» DATA PROVIDED:

------------------------------------------------

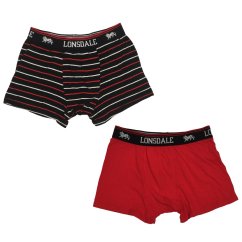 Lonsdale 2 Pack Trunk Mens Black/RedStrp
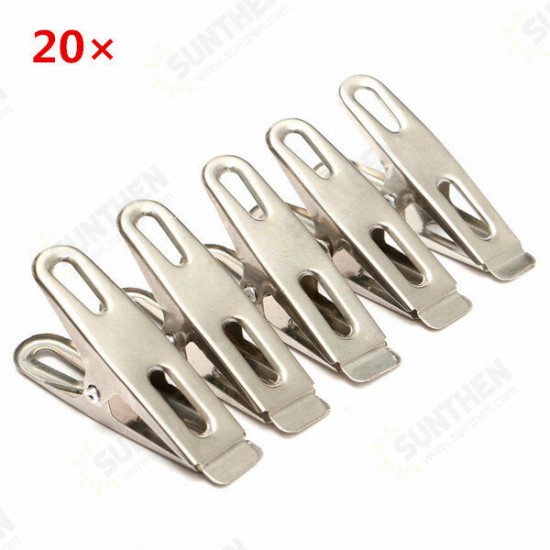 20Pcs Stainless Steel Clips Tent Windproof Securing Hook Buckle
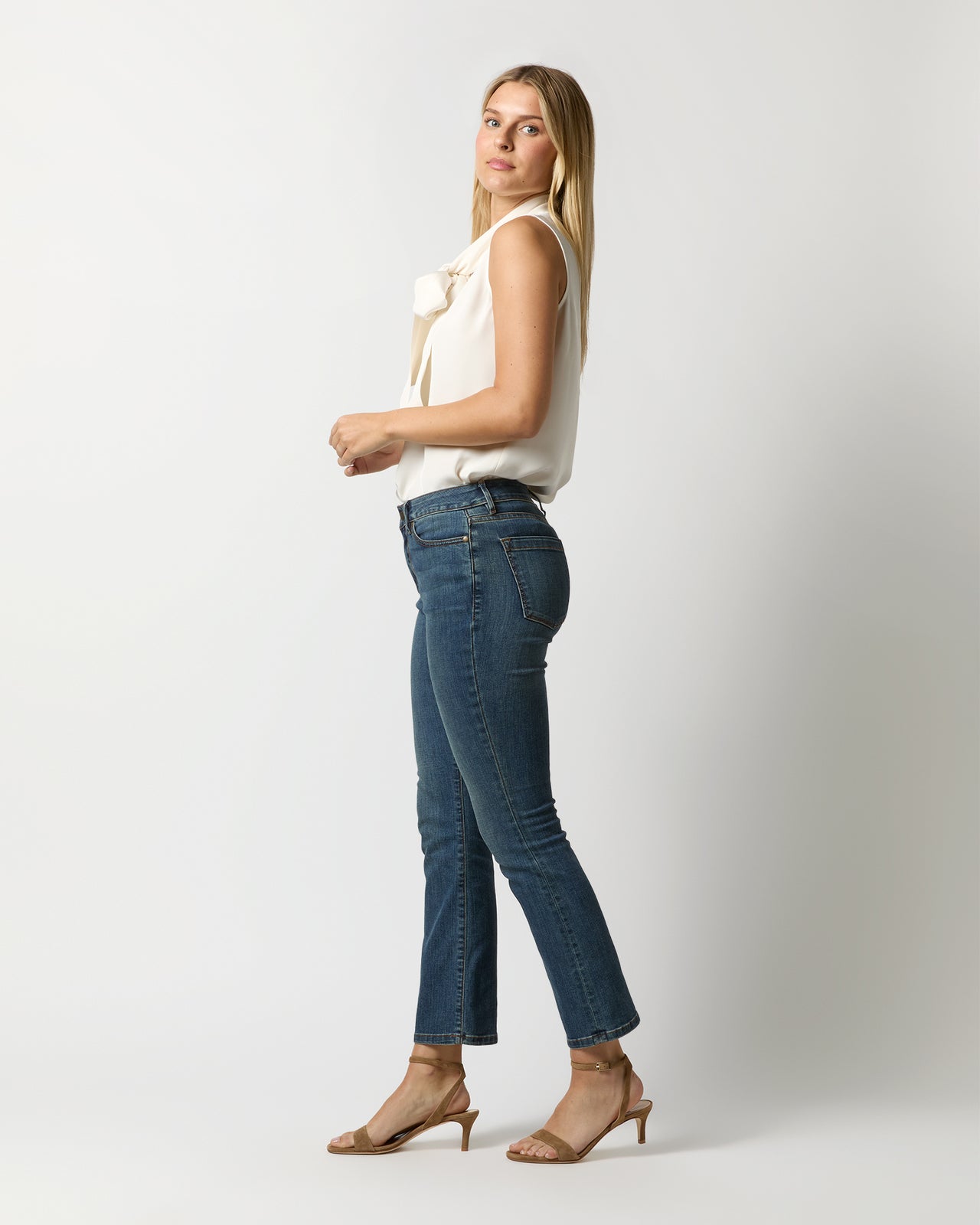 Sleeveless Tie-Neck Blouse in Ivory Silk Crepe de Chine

------------------------------------------------

» WHAT IS REQUIRED:
Say again, word for word, every line from the one with "20Pcs Stainless Steel" through the last line of the data above, minus the pictures.

» WRITTEN RESPONSE:
 20Pcs Stainless Steel Clips Tent Windproof Securing Hook Buckle
 Sleeveless Tie-Neck Blouse in Ivory Silk Crepe de Chine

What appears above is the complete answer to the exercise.